トランプ関税違憲判決、米エネ企業のコスト軽減 取引は当面不変か
米連邦最高裁が20日、トランプ大統領が導入した関税を違憲と判断したことで、一部の石油生産会社や掘削会社はコスト軽減を図れる可能性が出てきた。2022年5月撮影(2026年 ロイター/Dado Ruvic)
Georgina McCartney Arathy Somasekhar Curtis Williams
[ヒューストン 21日 ロイター] - 米連邦最高裁が20日、トランプ大統領が導入した関税を違憲と判断したことで、一部の石油生産会社や掘削会社はコスト軽減を図れる可能性が出てきた。ただ、専門家やアナリストは、米国産液化天然ガス(LNG)など広範なエネルギーフローは当面変わらない可能性が大きいとの見方を示した。
トランプ関税は設備や資材の輸入に打撃を与え、バリューチェーン(価値連鎖)上流の原油生産会社やサービス会社のコストを増やした。多くの企業は追加コストを自社で吸収した。

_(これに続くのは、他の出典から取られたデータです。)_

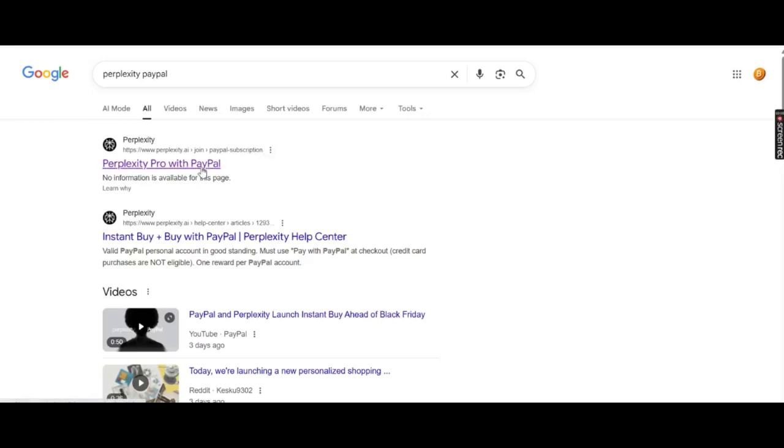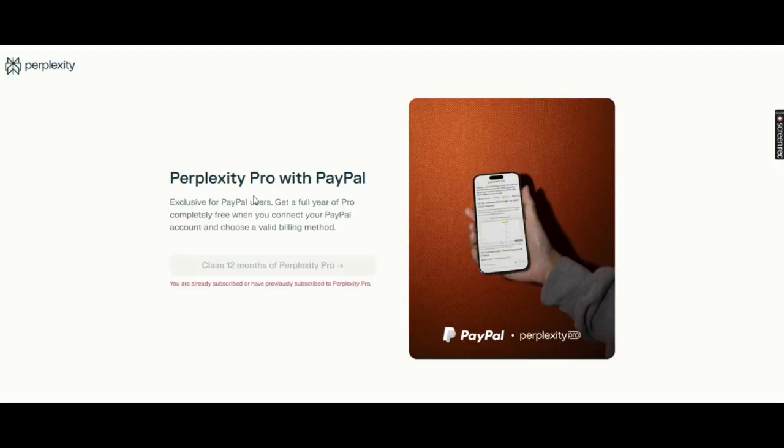This is an official promotion through a partnership between Perplexity and PayPal, and it's 100% legal. Go to Google and type Perplexity PayPal promo. Click on the official link that takes you to perplexity.ai.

油田関連企業に部品・設備生産販売するプレミアム・オイルフィールド・テクノロジーズのヘウェル社長兼最高経営責任者(CEO)は「2026年は500万─600万ドル前後の関税支払いを見込んでいたが、減るだろう」と述べた。同社は約90%の増税分を自社で負担してきたといい、同氏は「販売価格には大きな影響はないが、負担が軽減されれば研究開発資金や従業員の給与、投資家への還元が増える」と語った。ただ同氏は、政権が関税コストを維持するために別の方法を見いだす可能性を懸念。同氏の指摘通り、トランプ氏は同日、全世界に150日間、10%の追加関税を課すと表明した。
<中国の米LNG購入は期待薄か>
一方、コロンビア大学世界エネルギー政策センターのイラ・ジョセフ上級調査員は、LNGプラントの建設コストは理論的に減るが、中国が米国産LNG輸入を増やす可能性は低いとみる。中国にとっては、より安価な原油連動LNGを中東から輸入することなどが理にかなっているという。

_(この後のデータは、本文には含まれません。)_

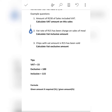The formula is the same whether you calculate exclusive, inclusive, or VAT amount. The difference is what you put for 'required' and what you put for 'given amount.' The formula is: given amount multiplied by required, divided by given percentage. Required is what you are looking for in percentage — if you are looking for VAT put 15, for inclusive put 115, for exclusive put 100.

コンサルティング会社ラピダン・エナジーのグローバル・ガス・LNG調査ディレクター、アレックス・マントン氏は、昨年10月の米中合意で中国の米国産LNG購入に関する数値目標のようなものは盛り込まれなかったことを踏まえ「たとえ関税が緩和されたとしても、中国がLNG購入や譲歩を申し出ることはないだろう」と述べた。「中国は自国のLNG市場を米国との戦略的テコとして扱っている」と指摘した。
中国は昨年2月を最後に、米国産LNGを購入していない。調査会社ボルテクサの主任市場アナリストのサマンサ・マリアハートケ氏は中国が方針を変える可能性は低いと述べた。